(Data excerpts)
************

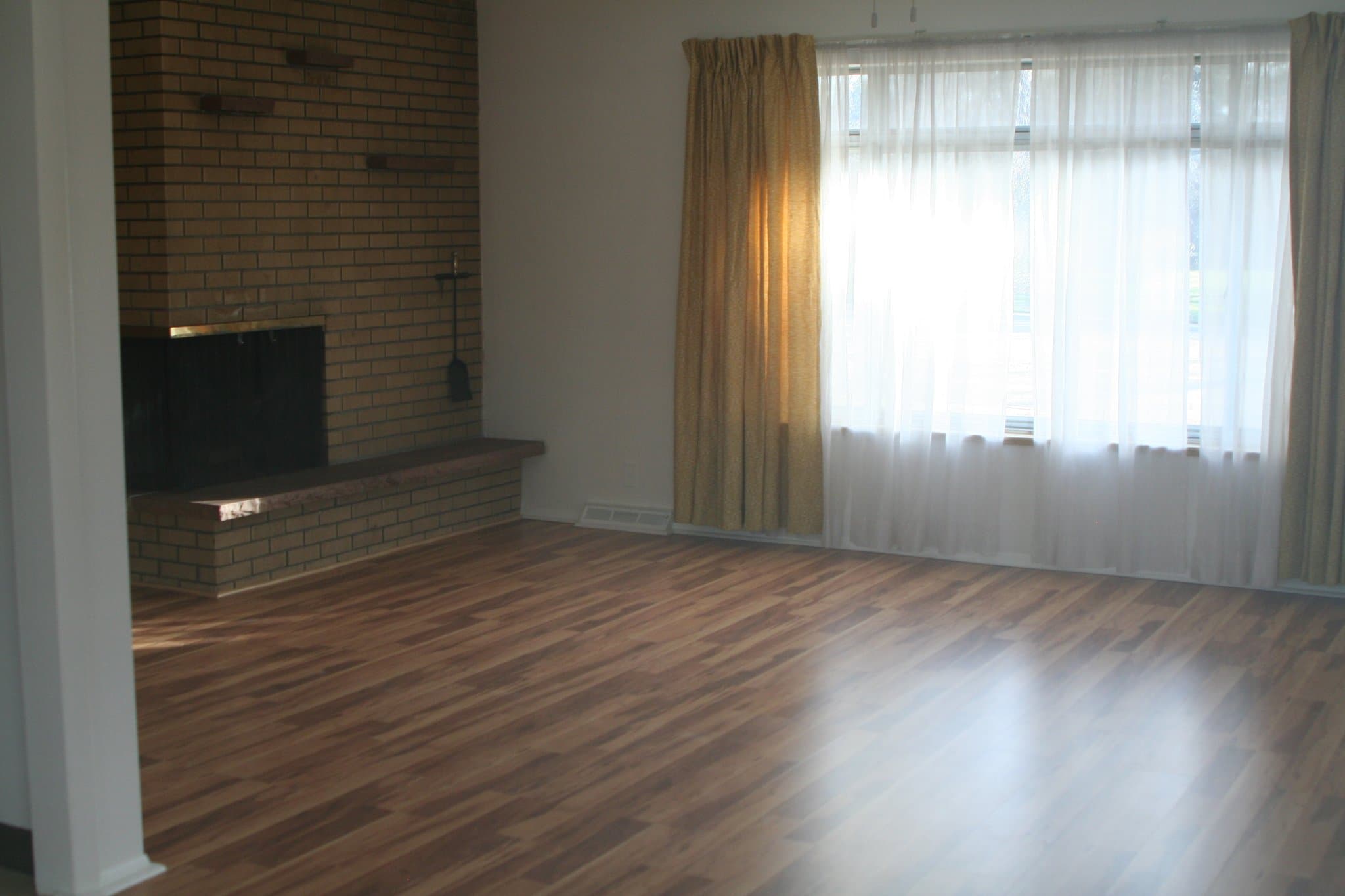Fort Collins House: 842 E Stuart St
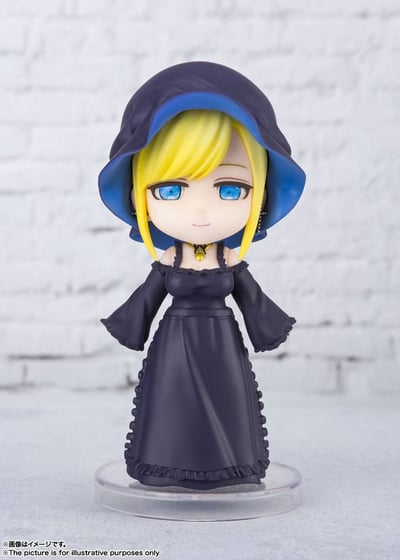 Alice - The Duke of Death and His Maid Figuarts mini - Bandai Spirits (3).jpg
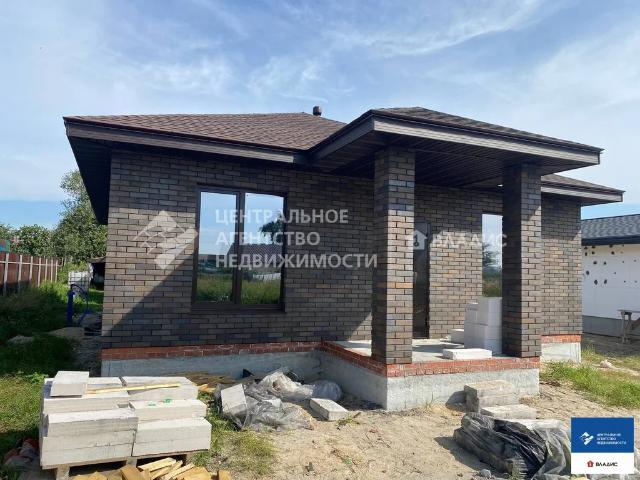 Квартира продажа в Поляны, Рязанская область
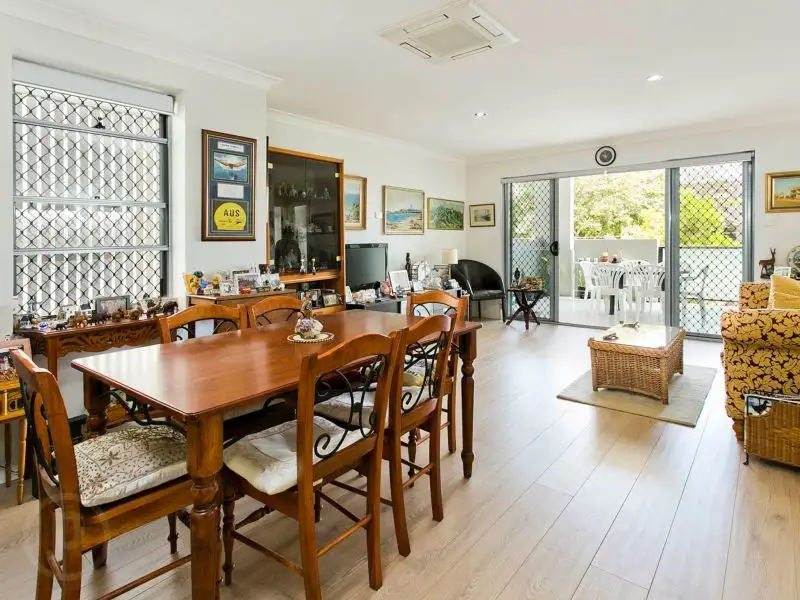 Main view of Homely unit listing, 1/56 Buckland Road, Nundah QLD 4012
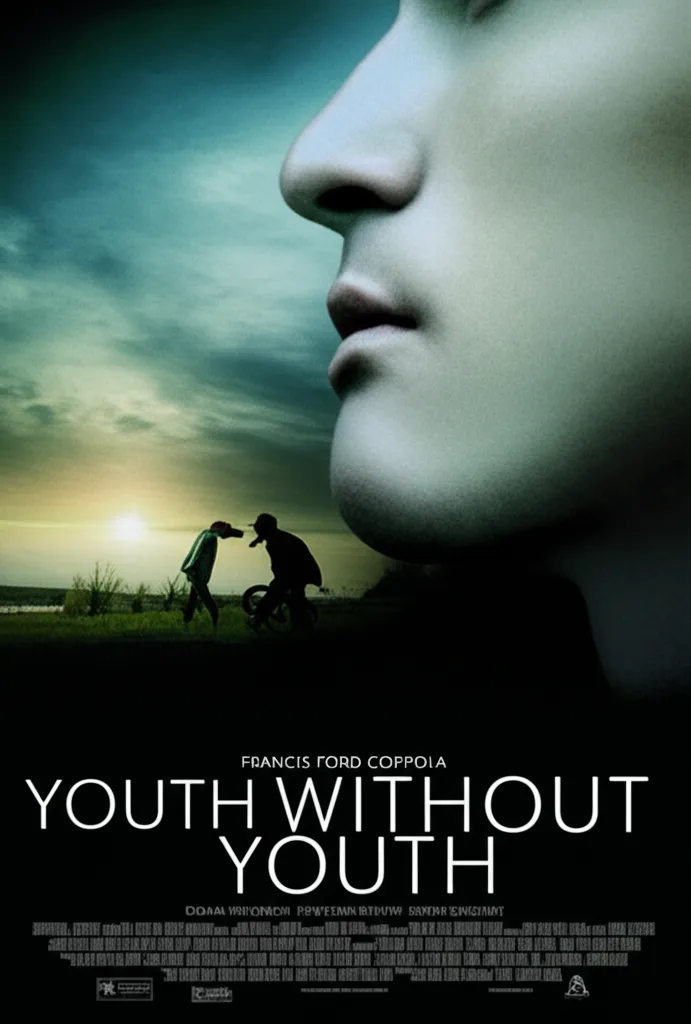 Youth Without Youth poster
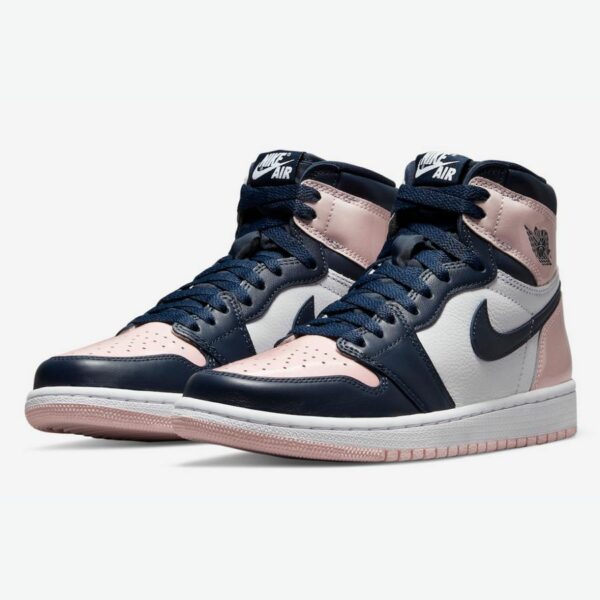 Air Jordan 1 Retro High OG SE 'Bubble Gum' (W) - Зображення 3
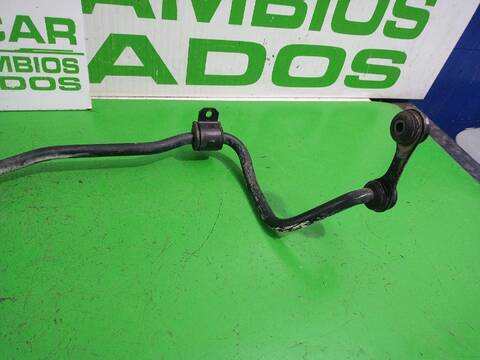 Foto 3ª: Barra Estabilizadora Trasera Opel Vectra ESSENTIA 101CV [Y20DTH] (2002)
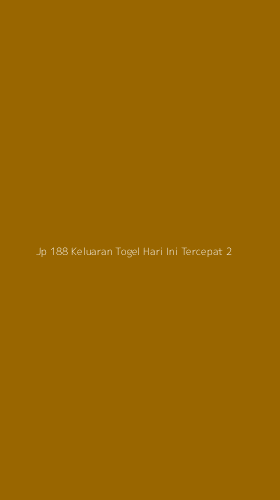 Tampilan Antarmuka Aplikasi Jp 188 Keluaran Togel Hari Ini Tercepat - 2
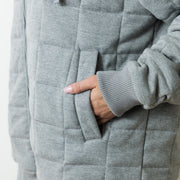 Thera® 10-Pound Weighted Hoodie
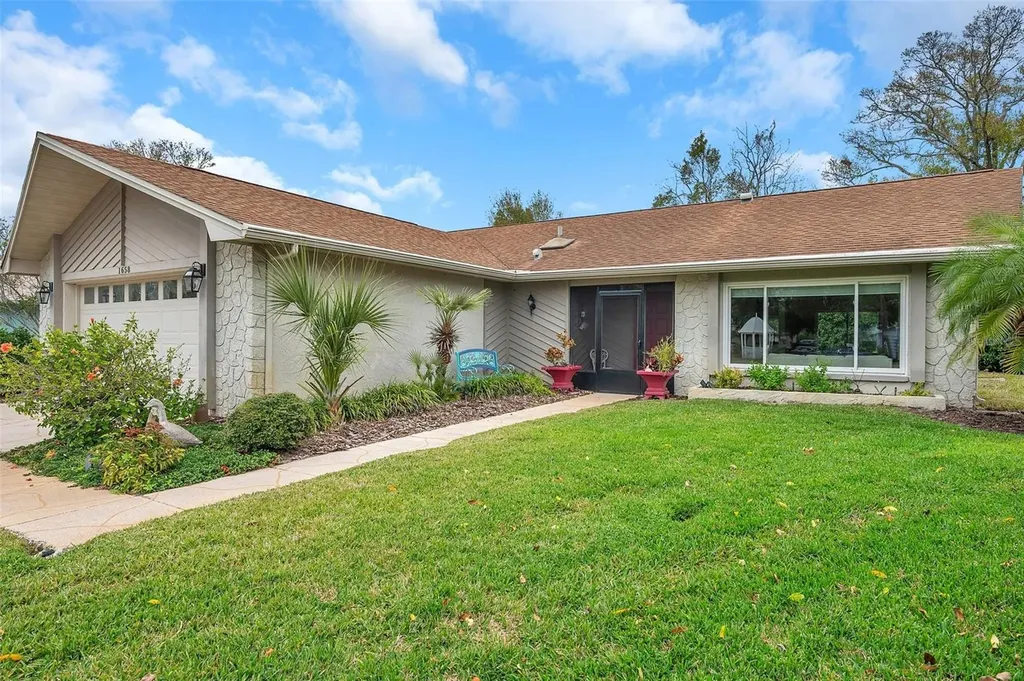 1658 Macdonnell Court Palm Harbor FL 34684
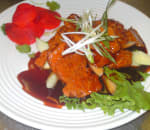 Order Soy Peking Ribs food online from Uncle Lim's Kitchen store, Wilmington on bringmethat.com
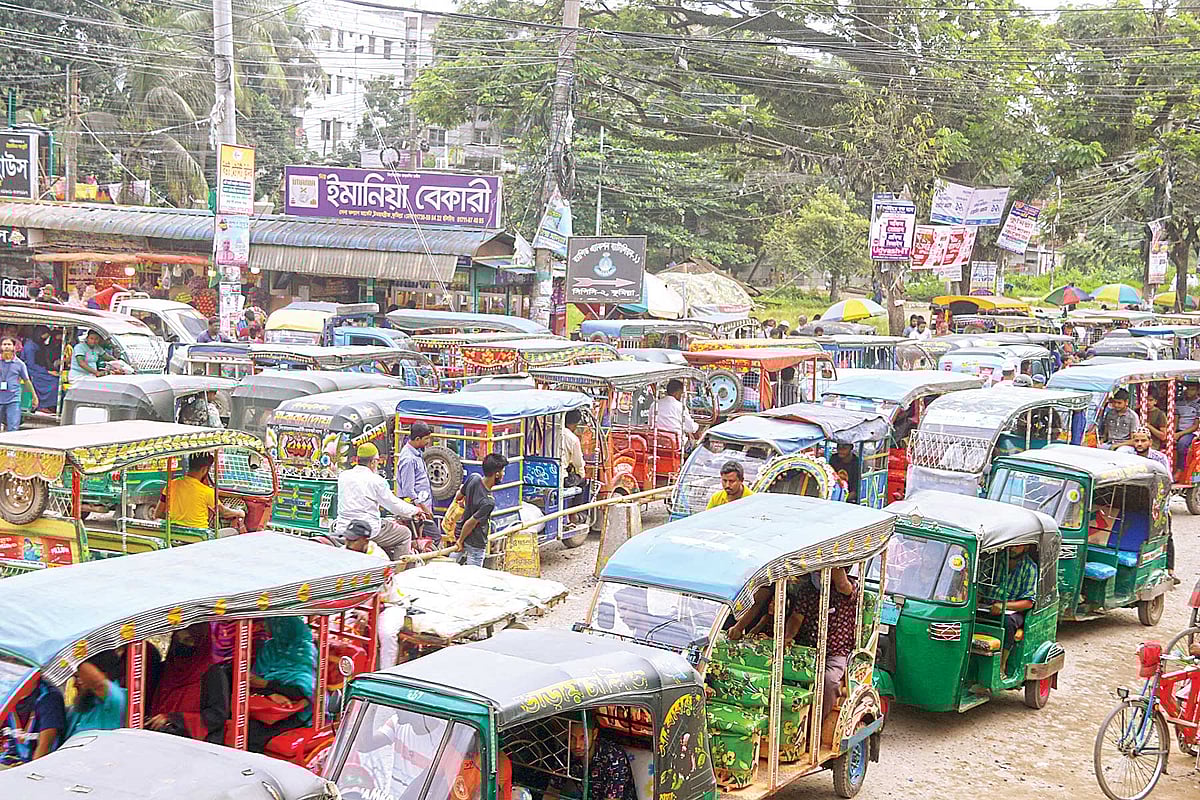 প্রথম আলো  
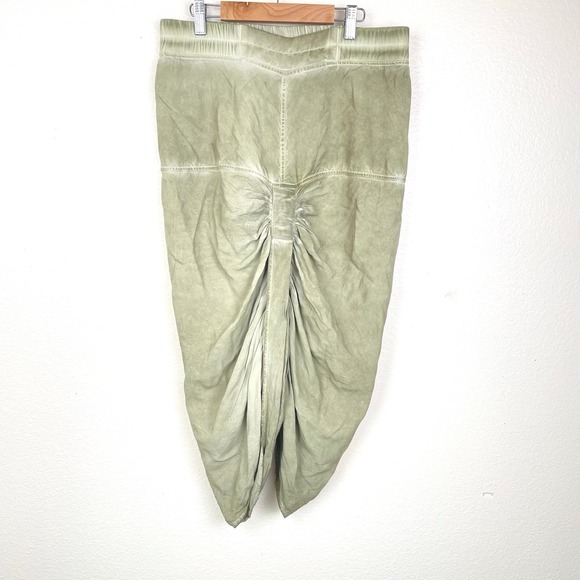 Nicholas K Pants - Nicholas K Womens Ottoman Pants Sz S Grunge Slouchy Fairy Harem Genie‎ Oversized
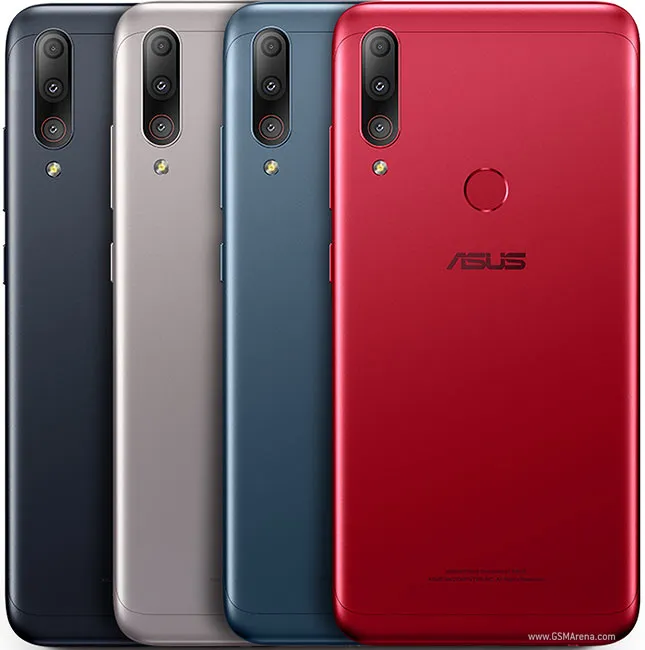 Zenfone Max Shot ZB634KL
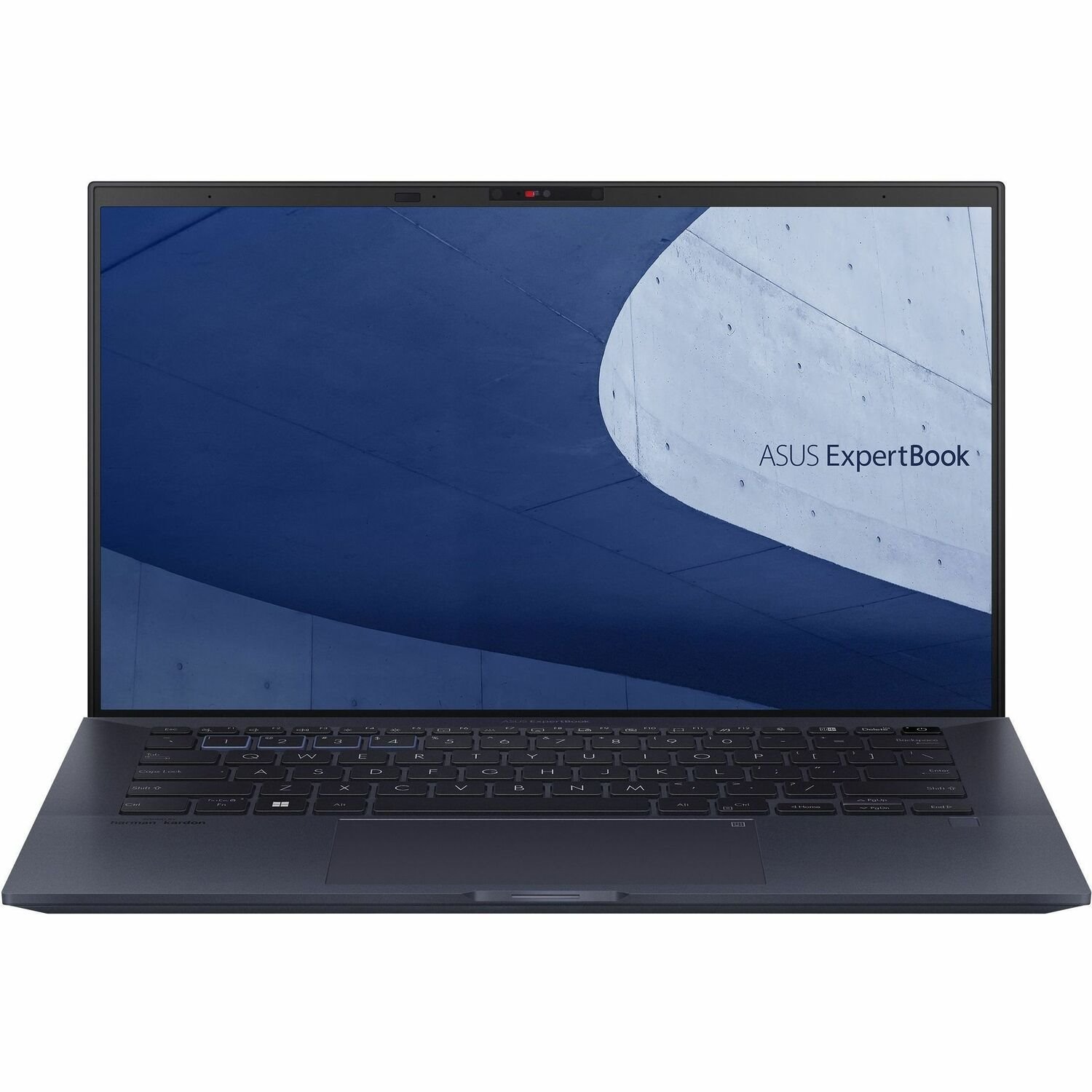 Asus ExpertBook B9 B9400 B9400CEA-KC1329X 35.6 cm (14") Notebook - Full HD - Intel Core i7 11th Gen i7-1165G7 - Intel Evo Platform - 16 GB - 1 TB SSD - Star Black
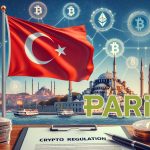 Paribu CEO’su Türkiye’de Beklenen Kripto Düzenlemesini Değerlendirdi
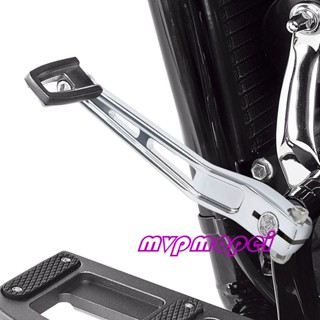 ลดราคา!เบรกเกอร์ด้านหน้า แบบนิ่ม ดัดแปลง สไตล์ใหม่ สําหรับรถจักรยานยนต์ Harley Motorcycle 05-22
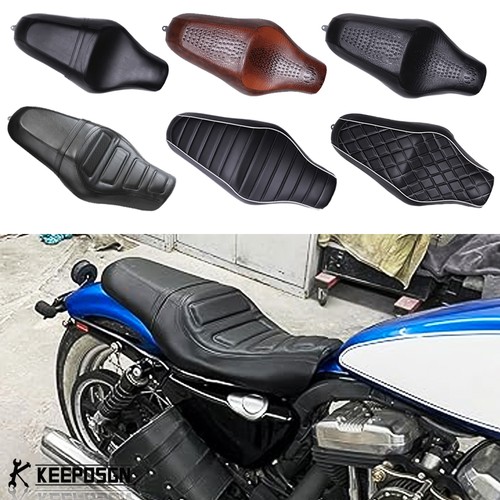 Rider passenger seat - passenger, 2-up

************

Task brief:
Every entry above has to be repeated exactly, apart from its pictures.

Result of this task:
Fort Collins House: 842 E Stuart St
 Alice - The Duke of Death and His Maid Figuarts mini - Bandai Spirits (3).jpg
 Квартира продажа в Поляны, Рязанская область
 Main view of Homely unit listing, 1/56 Buckland Road, Nundah QLD 4012
 Youth Without Youth poster
 Air Jordan 1 Retro High OG SE 'Bubble Gum' (W) - Зображення 3
 Foto 3ª: Barra Estabilizadora Trasera Opel Vectra ESSENTIA 101CV [Y20DTH] (2002)
 Tampilan Antarmuka Aplikasi Jp 188 Keluaran Togel Hari Ini Tercepat - 2
 Thera® 10-Pound Weighted Hoodie
 1658 Macdonnell Court Palm Harbor FL 34684
 Order Soy Peking Ribs food online from Uncle Lim's Kitchen store, Wilmington on bringmethat.com
 প্রথম আলো  
 Nicholas K Pants - Nicholas K Womens Ottoman Pants Sz S Grunge Slouchy Fairy Harem Genie‎ Oversized
 Zenfone Max Shot ZB634KL
 Asus ExpertBook B9 B9400 B9400CEA-KC1329X 35.6 cm (14") Notebook - Full HD - Intel Core i7 11th Gen i7-1165G7 - Intel Evo Platform - 16 GB - 1 TB SSD - Star Black
 Paribu CEO’su Türkiye’de Beklenen Kripto Düzenlemesini Değerlendirdi
 ลดราคา!เบรกเกอร์ด้านหน้า แบบนิ่ม ดัดแปลง สไตล์ใหม่ สําหรับรถจักรยานยนต์ Harley Motorcycle 05-22
 Rider passenger seat - passenger, 2-up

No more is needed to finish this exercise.